Web page caption snippets:

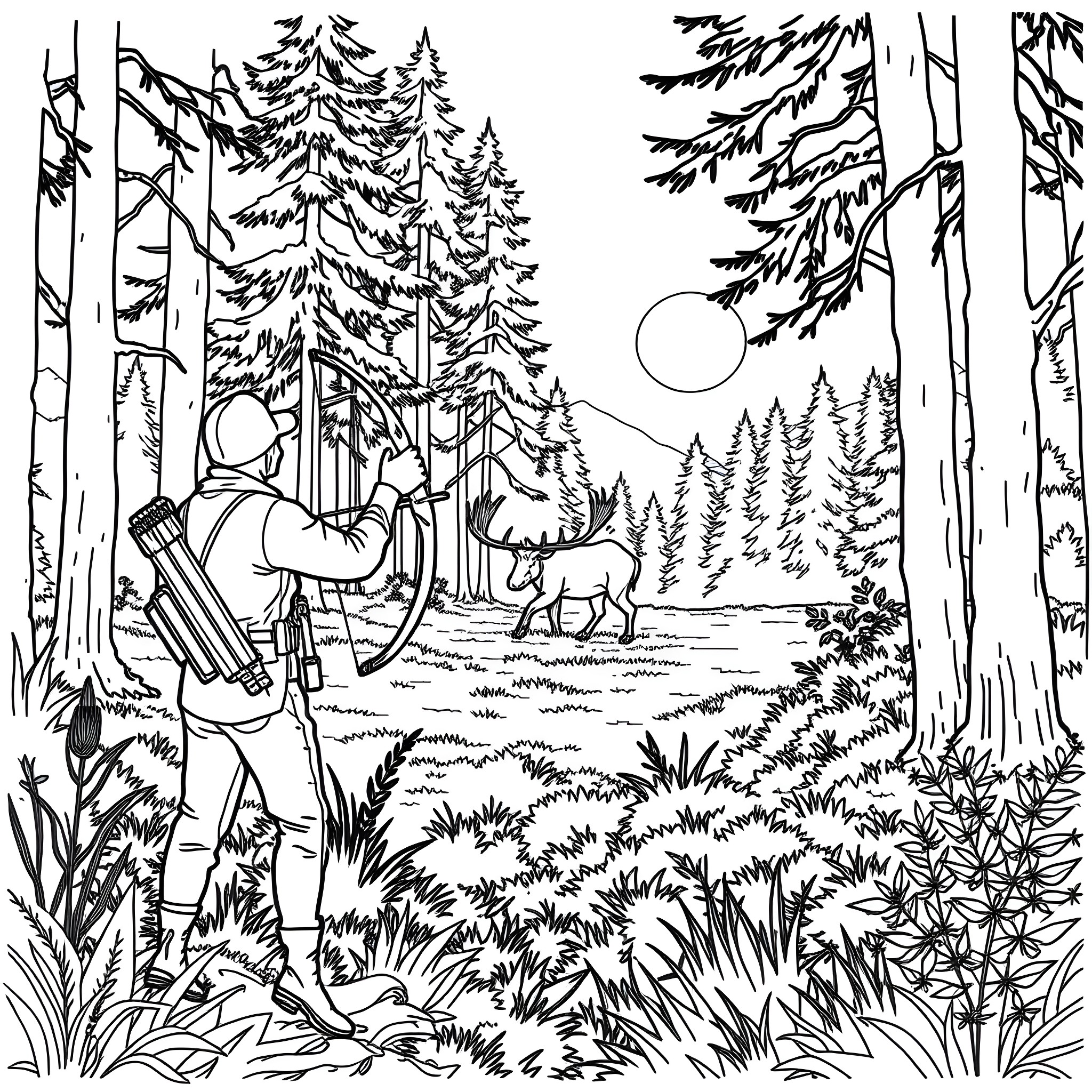 Hunter exploring the serene forest landscape Coloring Page (free black-and-white line drawing printable PDF for all, from beginners to advanced learners, including children, teens, adults, and seniors)
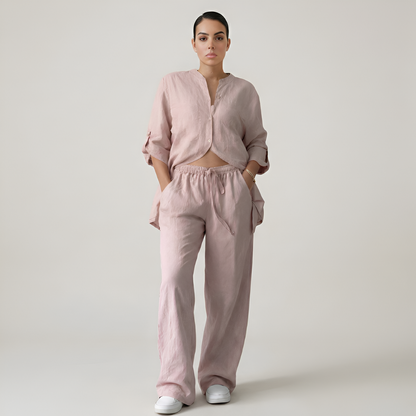 Minimal Button Up Co Ord Set For Women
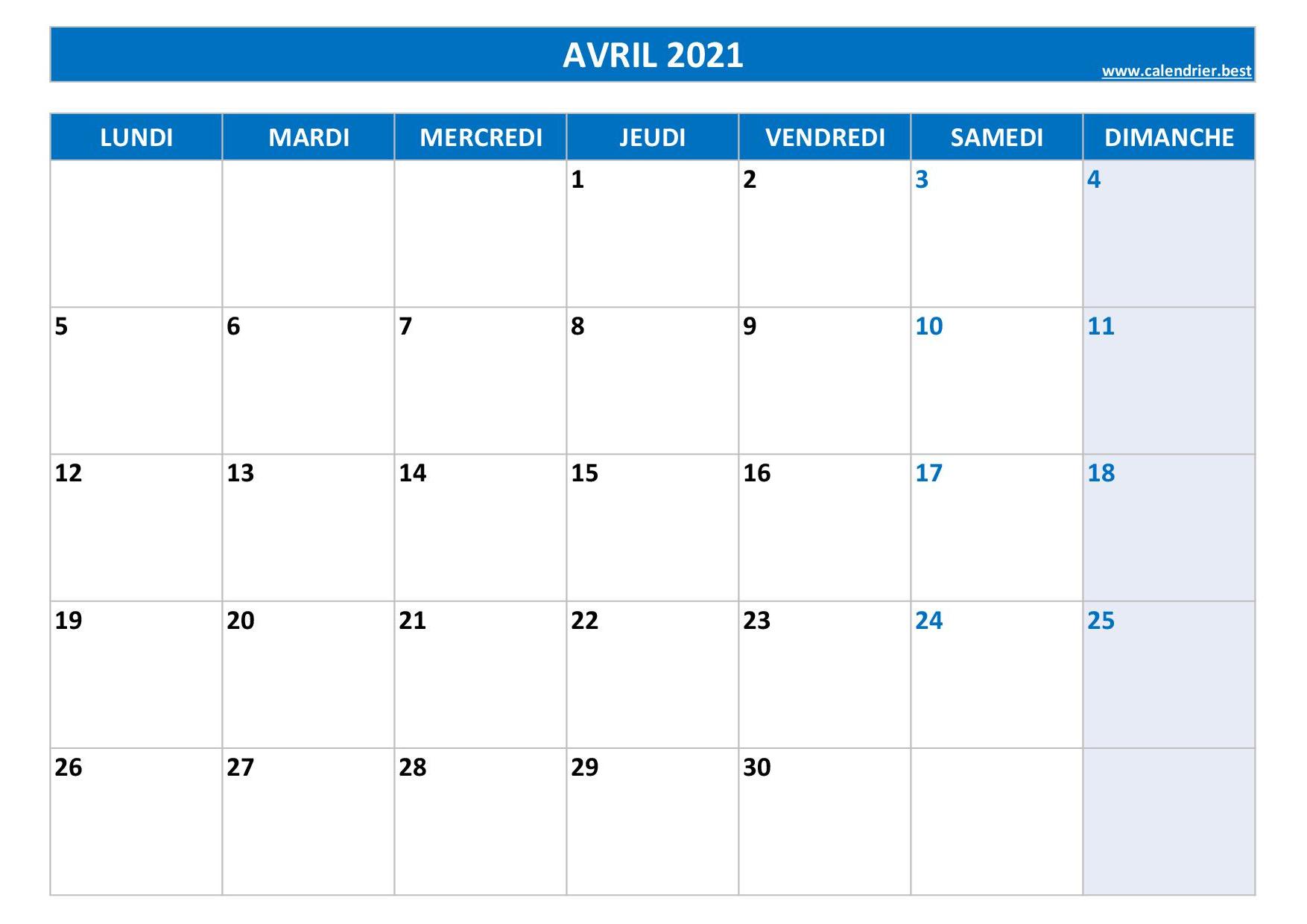 Calendrier Avril 2021 à consulter ou imprimer -Calendrier.best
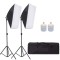 Kit de 2 softboxuri, 2 trepiezi reglabili 200 cm, 2 becuri LED 50W, geanta de transport inclusa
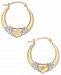 Two-Tone Heart Hoop Earrings in 10k Gold and Rhodium Plate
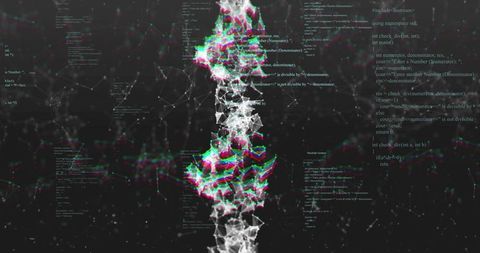 Glitch Data Spine Emitting RGB Chromatic Fringe With Floating Code and Network Particles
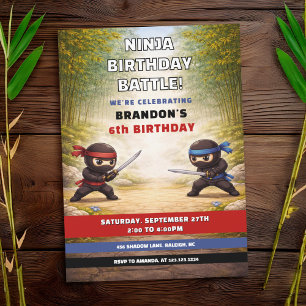 Convites Batalha Ninja Divertida Floresta de Bambu Aniversá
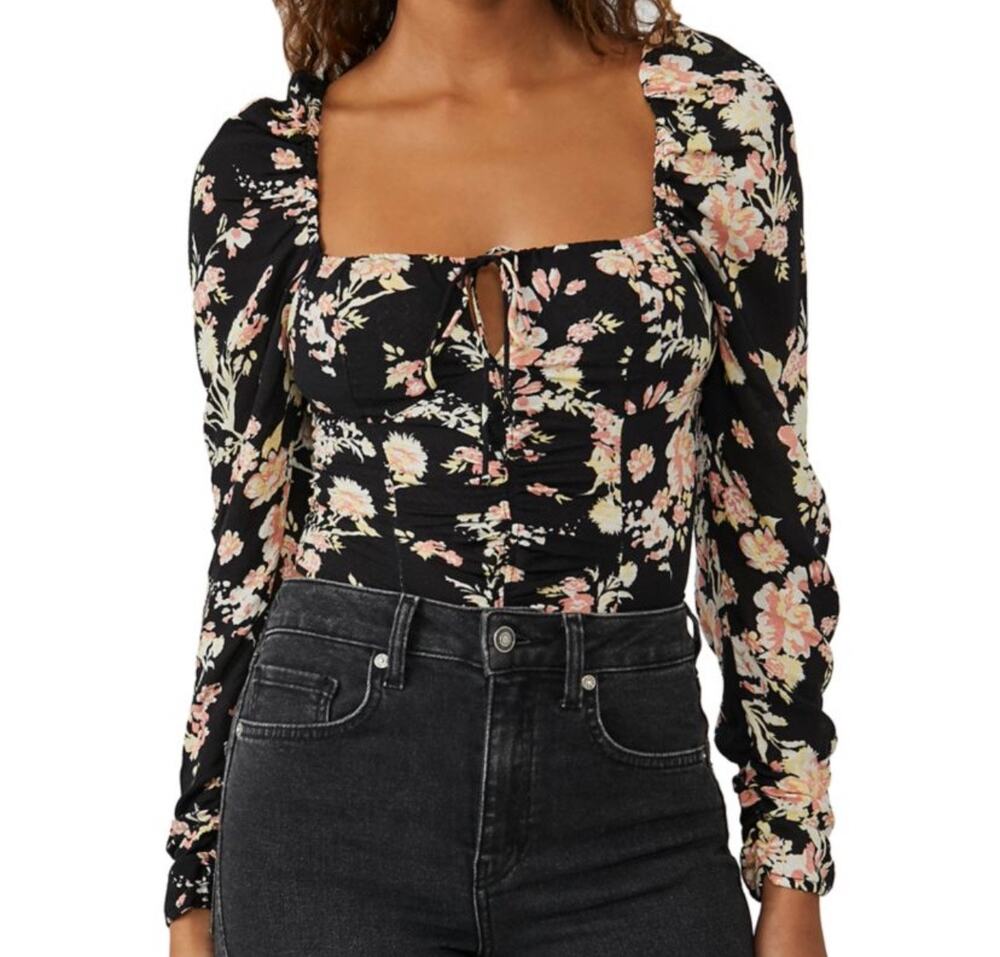 Free People Hilary Printed Floral Top Sz S Black LS Boho Feminine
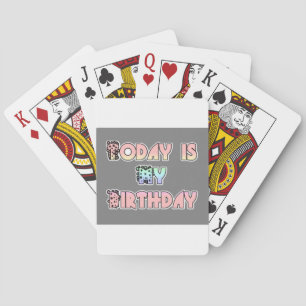 Today is My Birthday Baby Pink Art Print Playing Cards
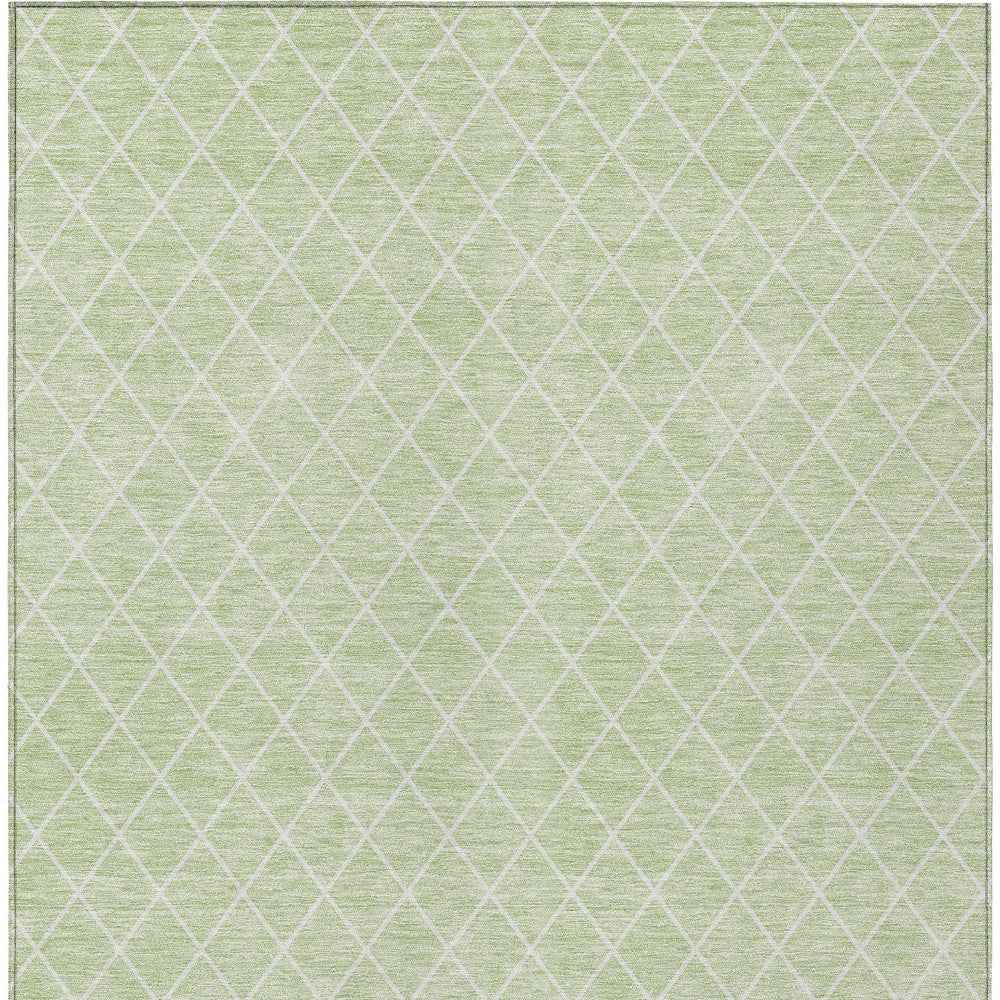 5' X 8' Mint Green And Ivory Geometric Washable Indoor Outdoor Area Rug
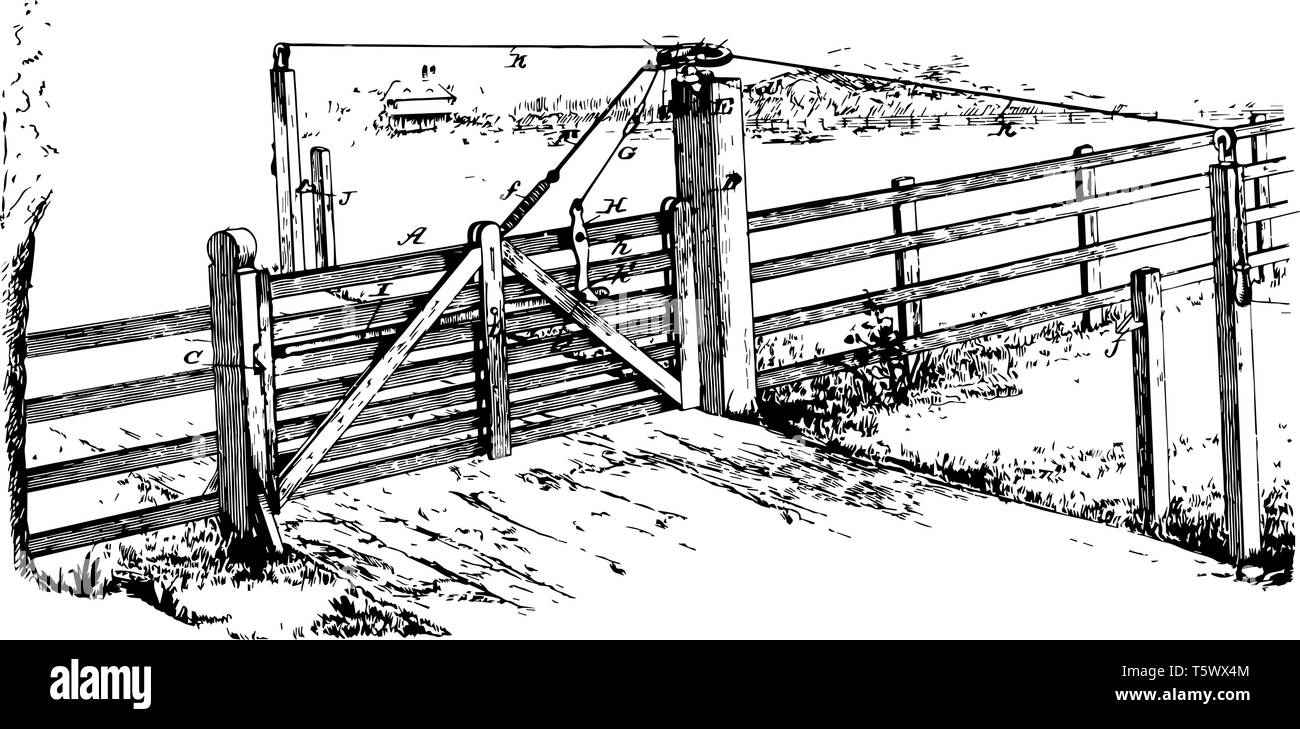 Wooden Locking Gate entry exit fence gateway opening Passage port yett vintage line drawing or engraving illustration Stock Vector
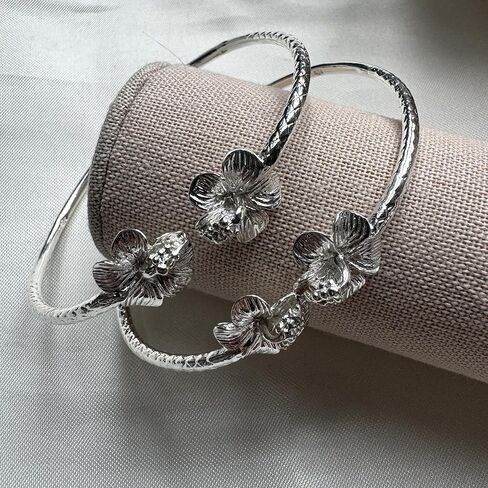 Better Jewelry Flower Hibiscus Ends .925 Sterling Silver West Indian Bangles, 1 pair in Saudi Arabia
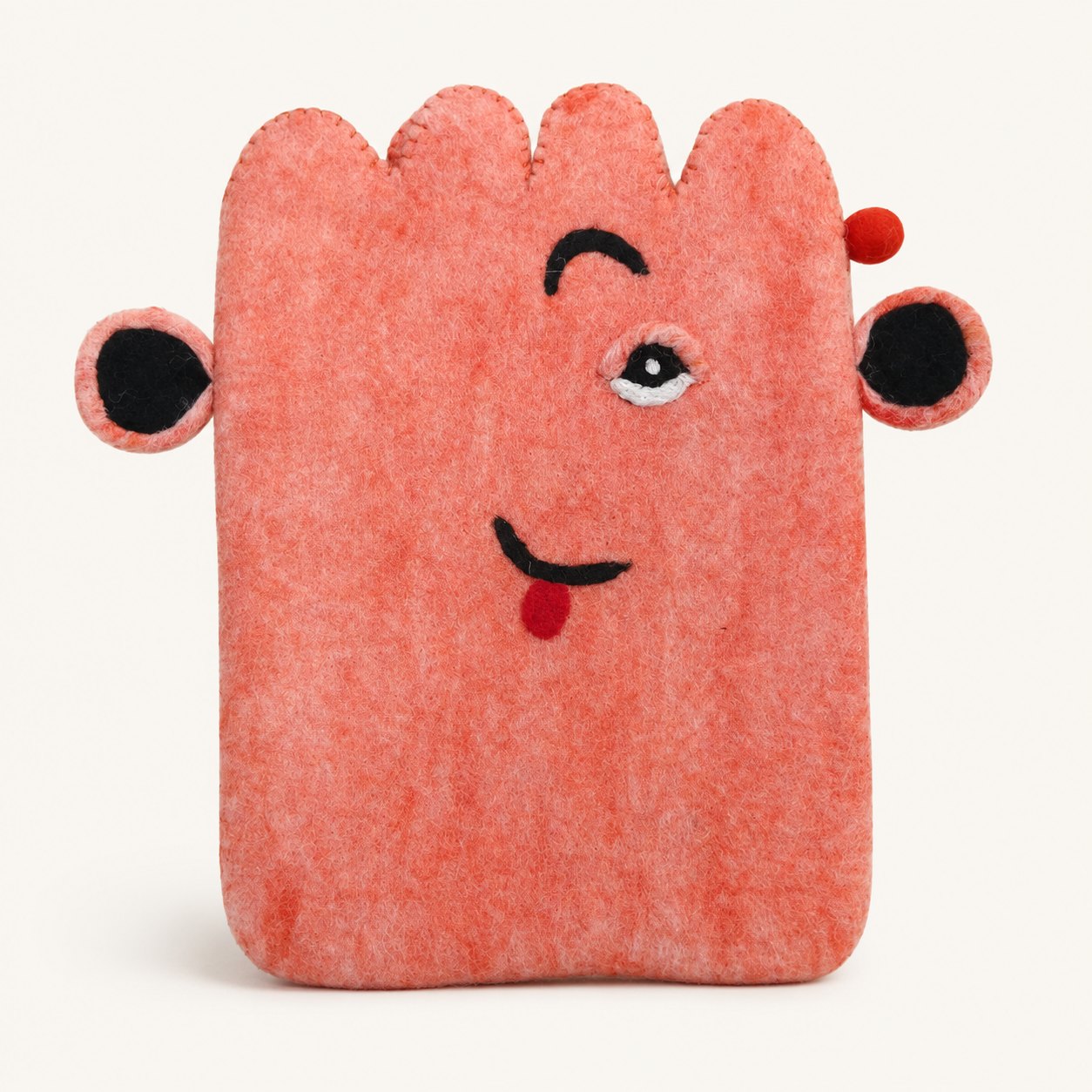 Pink Cute Face Felt Laptop Pouch – Up to 14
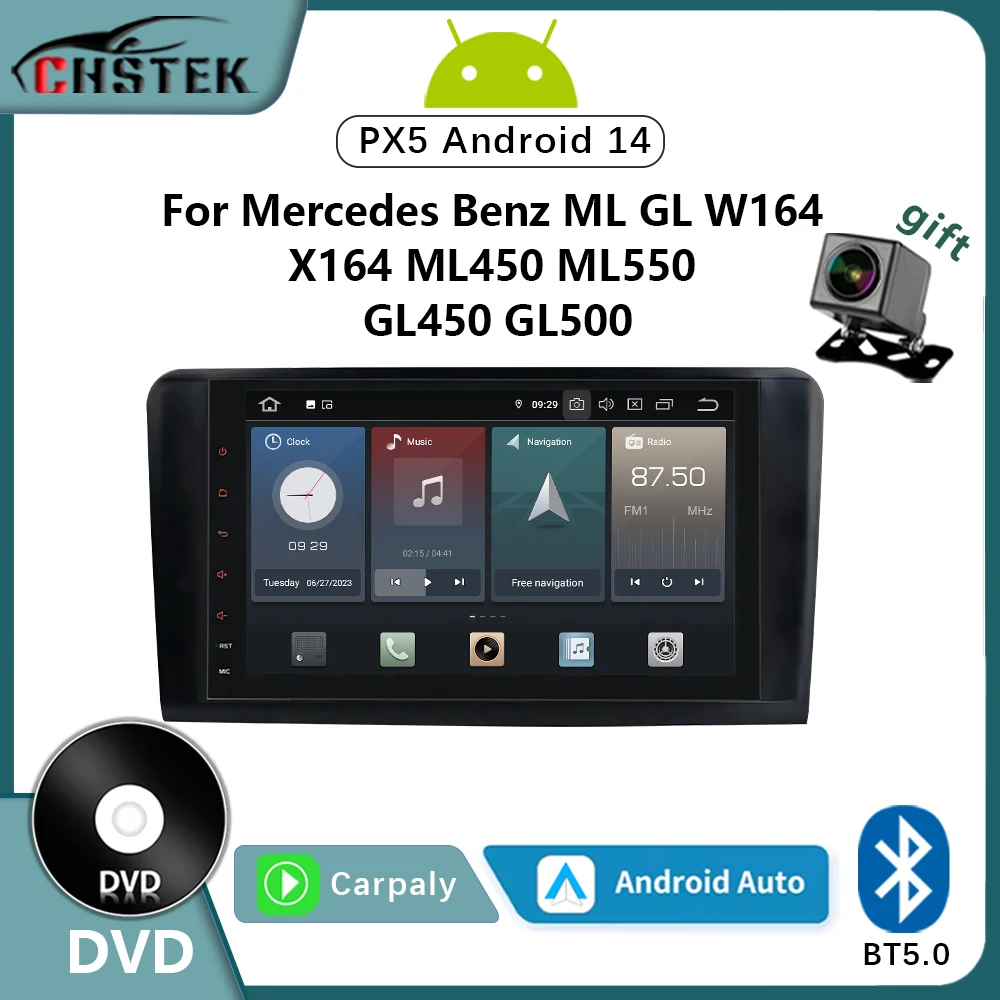 CHSTEK Android 14 Car Radio Carplay Audio For Mercedes Benz ML GL X164 W164 GL450 GL500 ML450 ML550 Navigation Multimedia Player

EXERCISE:
Leave out the pictures, and write out exactly the lines from the line containing "Today is My" through the end of the records above.

PROBLEM SOLUTION:
 Today is My Birthday Baby Pink Art Print Playing Cards
 5' X 8' Mint Green And Ivory Geometric Washable Indoor Outdoor Area Rug
 Wooden Locking Gate entry exit fence gateway opening Passage port yett vintage line drawing or engraving illustration Stock Vector
 Better Jewelry Flower Hibiscus Ends .925 Sterling Silver West Indian Bangles, 1 pair in Saudi Arabia
 Pink Cute Face Felt Laptop Pouch – Up to 14
 CHSTEK Android 14 Car Radio Carplay Audio For Mercedes Benz ML GL X164 W164 GL450 GL500 ML450 ML550 Navigation Multimedia Player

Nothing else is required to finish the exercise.